Don't Worry, Be Happy
|Don’t Worry, Be Happy|
| Cruising a remote island chain in the Bahamas can entail a little angst, but it’s lots of fun.
By Capt. Bill Pike — July 2001
I'm a worrywart. Plop me down in the midst of Heaven itself, with annuity checks rolling in from Earth, my wife waiting on me hand and foot, and a big fat trawler fueled up and ready to go down at the Celestial Boat Works, and I'd still worry about stuff. Like, for example, whether St. Pete had made a mistake letting the trawler and me past the Pearly Gates in the first place. And when was the Ol' Boy going to discover the glitch? And are there any good boats in Hell? Or just PWCs?
In case you don't quite get the picture, consider the following scenario. You're moseying around the Miami International Boat Show, languidly inhaling the scent of fresh fiberglass, when out of the blue, a boatbuilding guy you know hits you with a mindboggling offer: How about taking his latest cruising yacht to the Bahamas for a couple of weeks? Just drop her off in Nassau when you're through.
Sound like a groovy, carefree deal? For most folks, yeah. But immediately after Nordhavn's Jeff Merrill dropped it on me last February, the neurosis kicked in. It started with a spasm of anxiety that ever so subtly dampened the excitement I felt at agreeing to take a brand-new Nordhavn 35 Coastal Pilot on a 10-day excursion to paradise. Then the worry machine cranked up big-time.

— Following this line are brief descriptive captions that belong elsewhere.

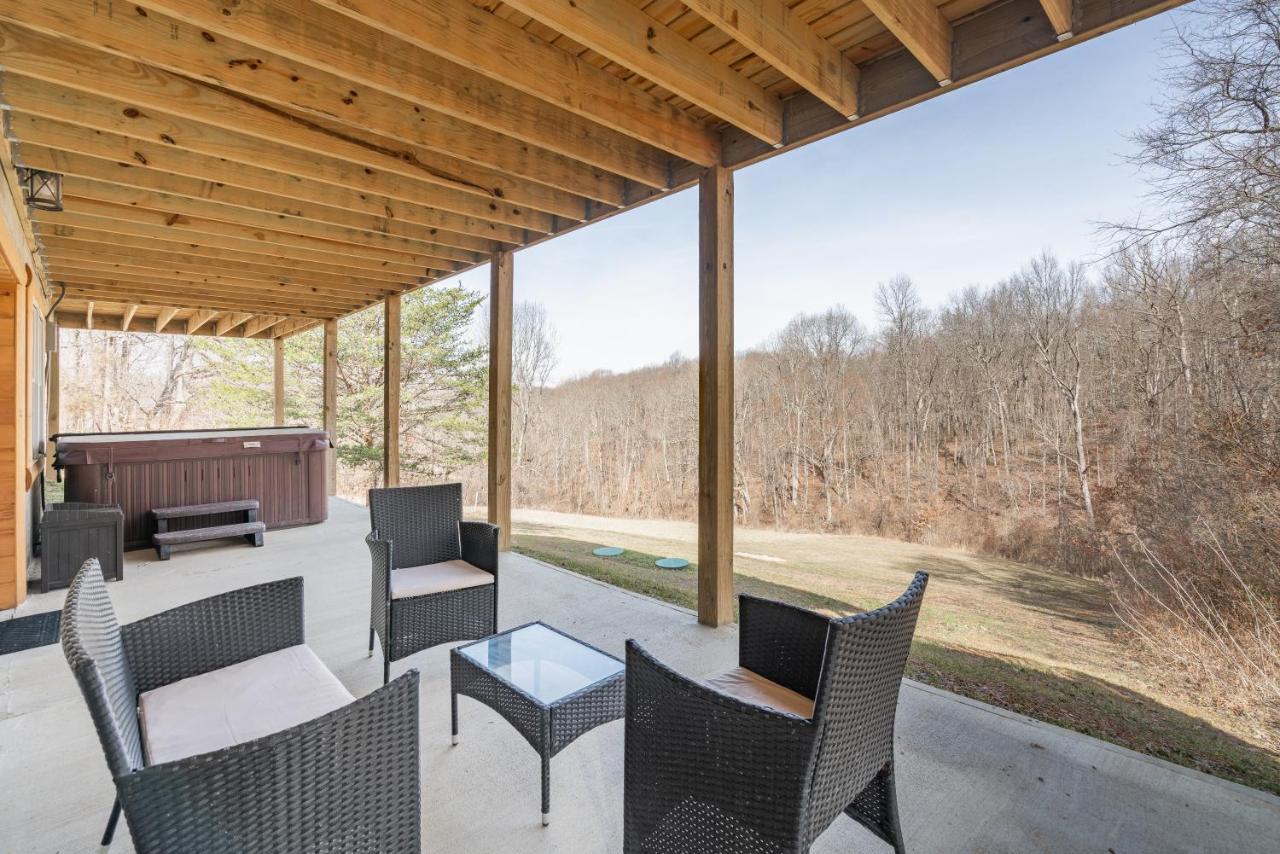 Family Friendly ~ Hocking Hills Cabin ~ Close To Caves, W/Wifi South Bloomingville Ngoại thất bức ảnh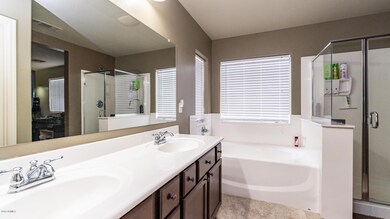 1683 E Elgin St-26
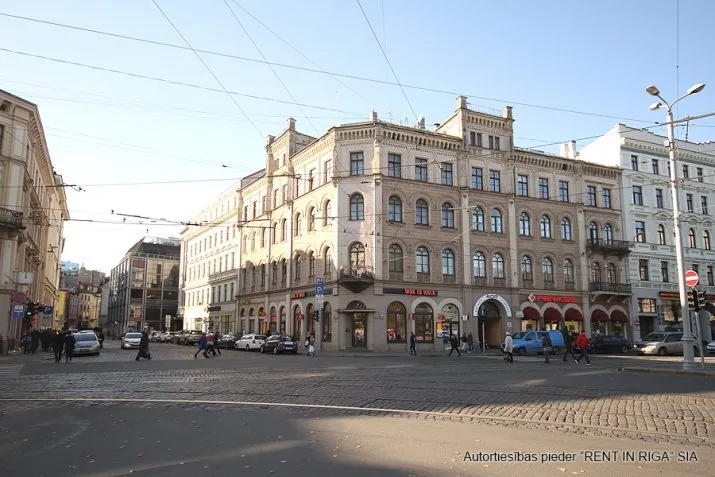 commercial premises For Rent, Aspazijas street 30, Rīga, Labais krasts, Centrs / 2 500 € 12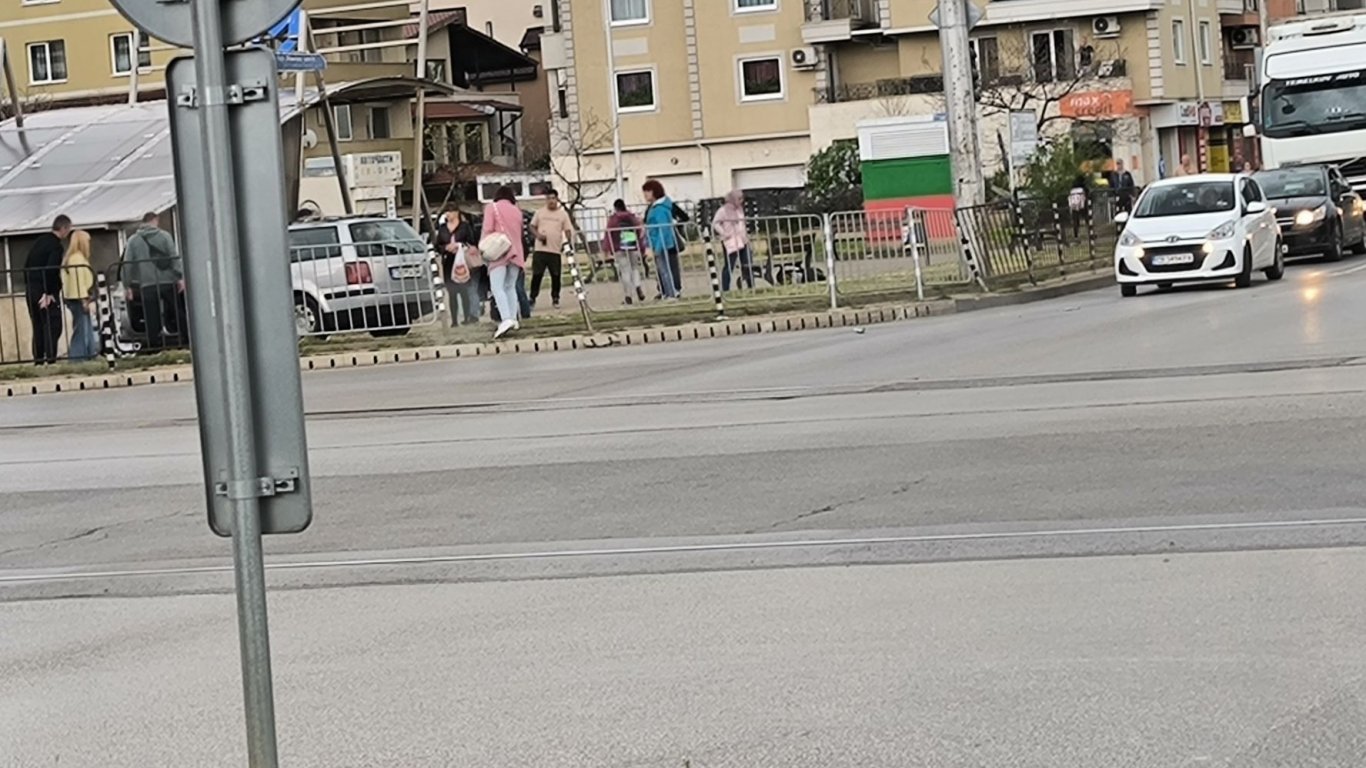 Фатален инцидент с автомобил на метростанция в София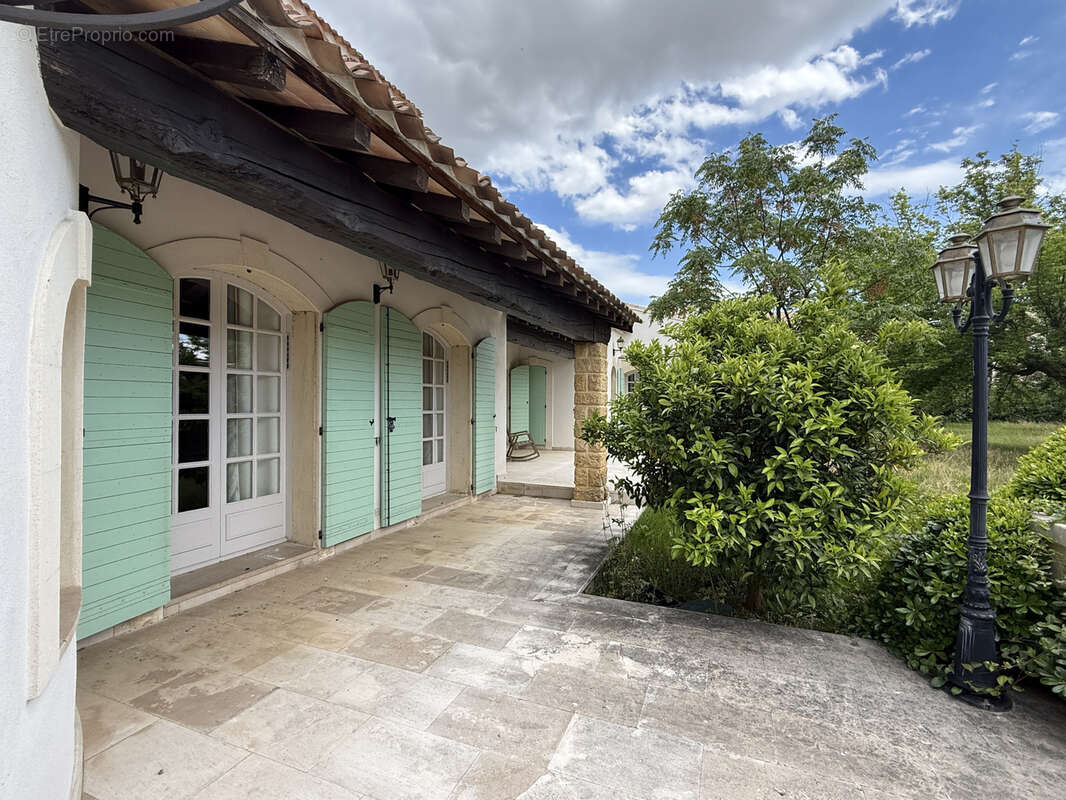 Maison à BOUILLARGUES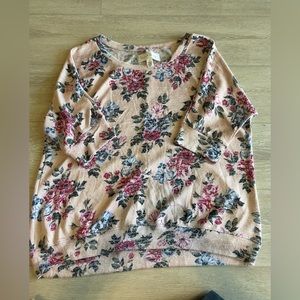 Floral light weight t-shirt sweater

The boat was hardly the problem. From what I saw of Nordy at the show, she was a veritable semidisplacement jewel, overbuilt, savvily engineered, and comfortably fitted out for two people--three in a pinch. With her single 420-hp Yanmar throttled back to 8 knots, Merrill predicted a range of 1,200 miles. Her anchor-handling gear and ground tackle looked substantial. Her bronze propeller, Merrill assured me, was protected from shoals by a "grounding shoe." The electronics package at the helm blew the stuff I used to work with on tugs and ships out of the water. To top it off, there was a genuine crow's nest, affixed to a stout, well-stayed mast. The perfect place for sighting Bahamas shallows.